Reviving The Lost Art of Forgiveness – Forbes

Posted: June 15, 2022 at 6:44 pm

Former South African President Nelson Mandela on May 16, 2005 (Photo by Mark Wilson/Getty Images)

A nationally known candidate for governor is slammed for days in the media when she appeared without a face mask in front of a group of masked school children, despite her strong, widely known public support for mask-wearing during the COVID pandemic. She made a mistake. A brilliant, visionary CEO is shunned for months after he admits to having had a consensual sexual relationship with a co-worker several years earlier. He made a mistake. In anger over a dispute concerning a deeply held view of his, a U.S. Senator inadvertently used a smutty word and was roundly criticized for weeks. He made a mistake.

This is a time of divisiveness, an era when the slightest blunder triggers strong censure, often far exceeding the gravity of the misstep. The view that "to err is human" has been replaced with "to err is a frontal assault on my sensibilities." Too many people stay on the lookout for "got you" moments that present an opportunity to vent anger and register scorn. Extreme political correctness has bulldozed any efforts at a basic human understanding of intent. There seems to be little room for an honest mistake.

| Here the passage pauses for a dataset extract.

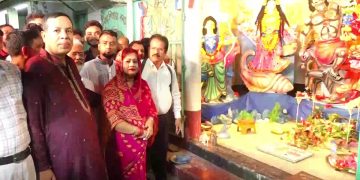 ঝালকাঠির মণ্ডপে মণ্ডপে দর্শনার্থীদের ভিড়, প্রধানমন্ত্রীর পক্ষ থেকে অনুদান দিলেন এমপি ইলেন ভূট্টো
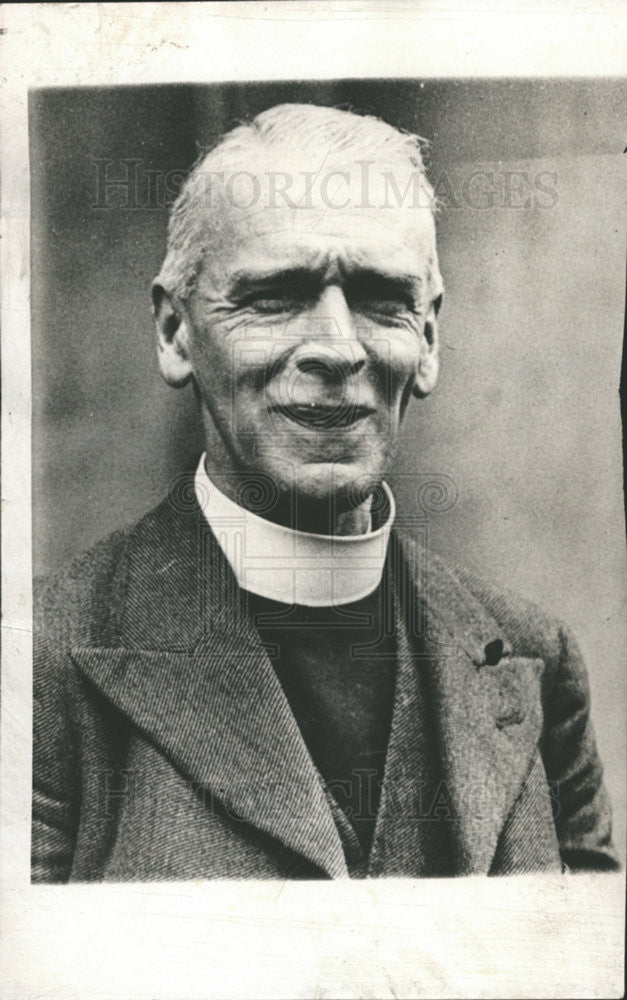 1932 Press Photo Priest Harold Francis Davidson - Historic Images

There are grave consequences for a judgment-laden culture, especially in the business world. It is a risk-averse world that jettisons innovation and growth to the sidelines. The more energy is devoted to protecting and defending, the less there is for exploring and learning. In the end, self-righteousness trumps effectiveness; intolerance eclipses acknowledgement. And courageous compassion becomes too rarely invoked. This is the time to rekindle the power of forgiveness. Here are three ways to use forgiveness to reclaim an atmosphere of patience and kindness.

1. Forgive the Person in the Mirror

Archbishop Desmond Tutu frequently speaks of the power of forgiveness. "Forgiveness is like this: a room can be dark because you have closed the windows, you've closed the curtains. But the sun is shining outside, and the air is fresh outside. In order to get that fresh air, you have to get up and open the window and draw the curtains apart." Frozen movie character Elsa's hit song "Let It Go" is about self-forgiveness. The lyrics plead, "It's time to see what I can do; to test the limits and breakthrough."

Forgiveness starts with self. "Life becomes easier when you learn to accept an apology you never got," wrote author Robert Brault in his book Round Up the Usual Subjects. In the words of actor Matthew Jeffers, "The only disability in life is a bad attitude." A self-forgiving attitude starts with the recognition that humans are all amazing miracles. An infectious, self-forgiving attitude changes the universe around us. "To forgive is to set a prisoner free and discover that the prisoner was you," wrote theologian Lewis Smedes.

2. Be the Rising Tide

I served for several years on the faculty of Marriott's Executive Education Programa week-long residential learning experience held quarterly for high potential general managers. One class was held right after Marriott had acquired hotel properties from Whitbread Hotels, a U.K. hospitality company. The cultural personalities of Whitbread and Marriott could not have been more different. That reality surfaced loudly during an animated discussion in a morning class. The Whitbread general manager aimed a sarcastic, biting tease point-blank at a Marriott GM. The entire class went silent for an uncomfortably long time. You could tell the Whitbread GM was confused at the reaction to his comment, one wholly appropriate in the more acerbic British culture in which he lived and worked.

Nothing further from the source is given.